In diesem Jahr soll es wieder einen Weihnachtsmarkt in Lüneburg geben. Noch ist aber unklar, wie die 3-G-Regeln eingehalten werden sollen. Foto: LGheuteLüneburg, 13.10.2021 - Nur noch wenige Wochen, dann locken wieder die Weihnachtsmärkte mit Grünkohl, Punsch und süßen Verführungen. Wie Kommunen und Aussteller in diesem Jahr dabei mit den Corona-Verordnungen umgehen sollen, darüber gibt es jetzt Streit zwischen der Landesregierung und Hannover und dem Niedersächsischen Städtetag.

Wollen Kommunen in diesem Jahr einen Weihnachtsmarkt anbieten, dann lässt das Land Niedersachsen ihnen dafür mit Blick auf die Corona-Pandemie drei Optionen, um die 3-G-Regel auf den Märkten zu gewährleisten: Der Weihnachtsmarkt muss eingezäunt werden, alle Besucher müssen über ein Bändchen nachweisen, dass sie geimpft, genesen oder getestet sind oder die Standbetreiber selbst müssen die 3-G-Regel überprüfen.

Das aber stößt bei Lüneburgs Oberbürgermeister Ulrich Mädge auf Kritik.
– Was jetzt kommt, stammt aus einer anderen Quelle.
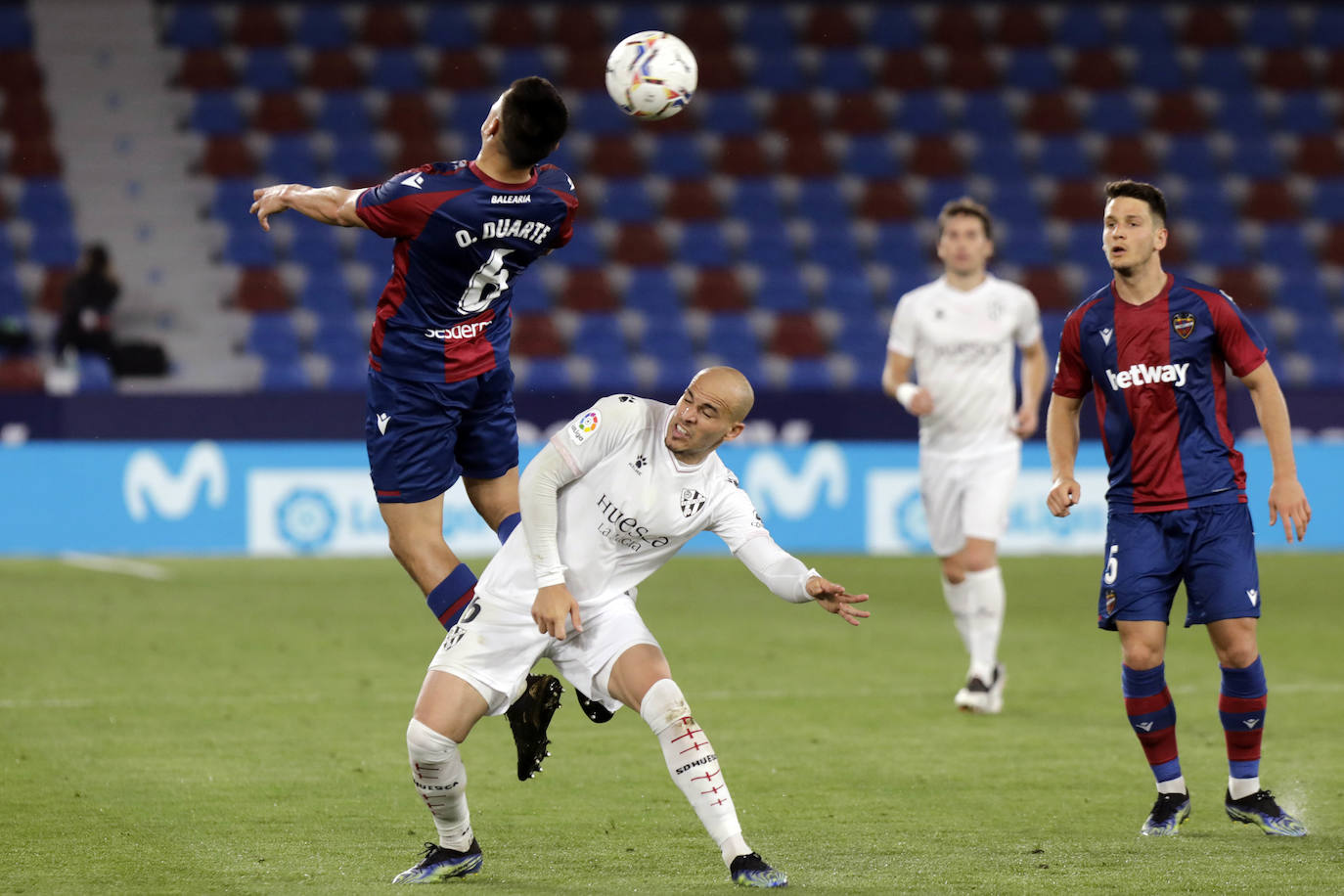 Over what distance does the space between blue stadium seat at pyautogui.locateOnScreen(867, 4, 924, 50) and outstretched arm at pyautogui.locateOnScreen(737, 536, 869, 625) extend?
18.0m

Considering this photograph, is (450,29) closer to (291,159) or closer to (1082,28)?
(291,159)

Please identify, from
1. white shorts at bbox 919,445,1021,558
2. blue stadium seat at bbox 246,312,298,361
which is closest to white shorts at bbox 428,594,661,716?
white shorts at bbox 919,445,1021,558

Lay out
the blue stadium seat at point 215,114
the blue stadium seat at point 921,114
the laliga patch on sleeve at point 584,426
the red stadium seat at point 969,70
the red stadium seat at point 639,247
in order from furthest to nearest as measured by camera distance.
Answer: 1. the red stadium seat at point 969,70
2. the blue stadium seat at point 921,114
3. the blue stadium seat at point 215,114
4. the red stadium seat at point 639,247
5. the laliga patch on sleeve at point 584,426

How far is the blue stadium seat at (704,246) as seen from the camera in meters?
19.7

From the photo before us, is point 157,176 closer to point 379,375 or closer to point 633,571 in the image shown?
point 379,375

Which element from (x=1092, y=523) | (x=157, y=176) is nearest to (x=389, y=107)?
(x=157, y=176)

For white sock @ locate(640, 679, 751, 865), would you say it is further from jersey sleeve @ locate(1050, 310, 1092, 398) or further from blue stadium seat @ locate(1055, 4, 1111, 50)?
blue stadium seat @ locate(1055, 4, 1111, 50)

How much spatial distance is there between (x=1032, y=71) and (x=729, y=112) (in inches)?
153

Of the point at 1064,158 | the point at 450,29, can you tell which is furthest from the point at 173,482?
the point at 1064,158

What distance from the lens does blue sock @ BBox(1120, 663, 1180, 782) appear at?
5465 millimetres

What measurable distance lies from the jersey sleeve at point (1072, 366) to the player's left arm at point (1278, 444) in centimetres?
51

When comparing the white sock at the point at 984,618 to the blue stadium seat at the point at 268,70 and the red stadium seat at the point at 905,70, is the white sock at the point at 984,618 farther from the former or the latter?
the blue stadium seat at the point at 268,70

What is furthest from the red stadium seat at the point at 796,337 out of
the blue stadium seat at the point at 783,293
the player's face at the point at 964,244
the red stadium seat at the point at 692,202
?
the player's face at the point at 964,244

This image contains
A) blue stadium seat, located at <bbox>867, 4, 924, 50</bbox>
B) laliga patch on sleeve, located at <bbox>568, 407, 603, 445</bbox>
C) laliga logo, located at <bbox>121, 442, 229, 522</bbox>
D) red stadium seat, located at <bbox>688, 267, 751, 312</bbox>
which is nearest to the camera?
laliga patch on sleeve, located at <bbox>568, 407, 603, 445</bbox> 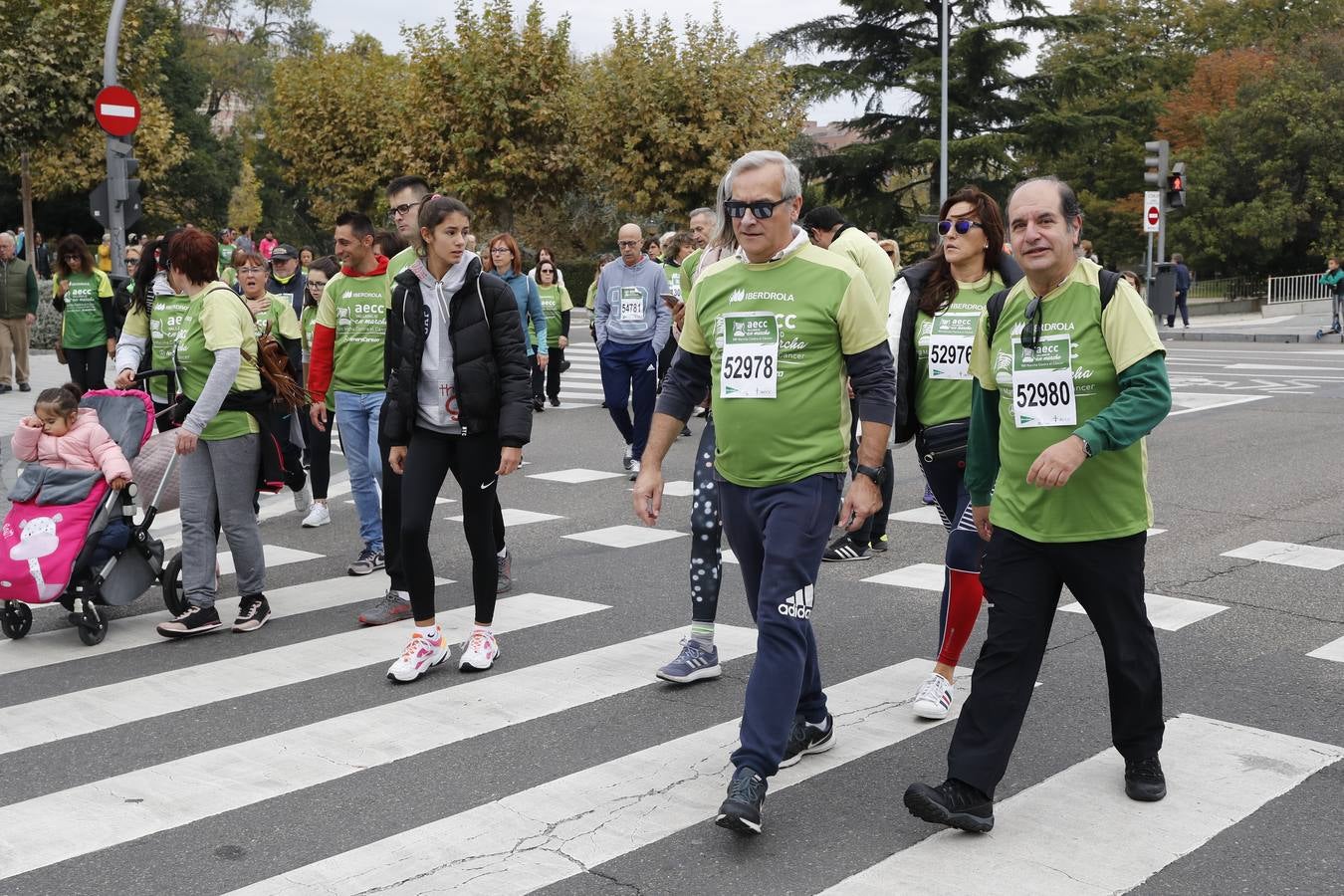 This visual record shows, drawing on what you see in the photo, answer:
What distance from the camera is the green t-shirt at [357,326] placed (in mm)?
7590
Als Städtetags-Präsident spricht er sich gegen diese Vorgaben aus: "Diese Weihnachtsmarkt-Regeln sind völlig unpraktikabel." Eine Einzäunung des Marktes mit Zugangskontrollen widerspreche dem Charakter der Weihnachtsmärkte. Die alternativ vorgeschlagene Bändchen-Ausgabe sei organisatorisch aufwendig, personal- und damit sehr kostenintensiv. "Wer kein Bändchen vorzeigen kann, bummelt zwar durch die Stadt, kann aber an den Weihnachtsbuden nichts verzehren", sagt Mädge. Diese Gäste werden dann in der üblichen, stationären Gastronomie bewirtet, die vergleichbare Buden im Außenbereich aufstellen und dort unter anderen Regeln Glühwein und Speisen anbieten kann. "Dieses Nebeneinander von widersprüchlichen Regeln führt in der Bevölkerung zu Unverständnis und schadet der Akzeptanz der Maßnahmen zur Bekämpfung der Corona-Pandemie."

Auch die Überwachung allein durch die Standbetreiber hält der Städtetag für ungeeignet. "Diese Kontrollmaßnahmen können wegen der damit verbundenen Wartezeiten zu großem Unmut bei den Besuchern und zu erheblichen Konflikten zwischen Besuchern und Standbetreibern führen", ist NST-Vize Frank Klingebiel, Oberbürgermeister der Stadt Salzgitter, überzeugt. "Solche Regelungen sind schlicht nicht umsetzbar!"

Der Niedersächsische Städtetag kann nicht nachvollziehen, warum Niedersachsen nicht die NRW-Reglung für Weihnachtsmärkte übernimmt. Danach würden bei Veranstaltungen im Freien stichprobenartige Kontrollen zur Einhaltung der 3G-Regeln durch Ordnungsdienste und Polizei durchgeführt. "Diese praktikable Lösung halten wir für angemessen", so Mädge.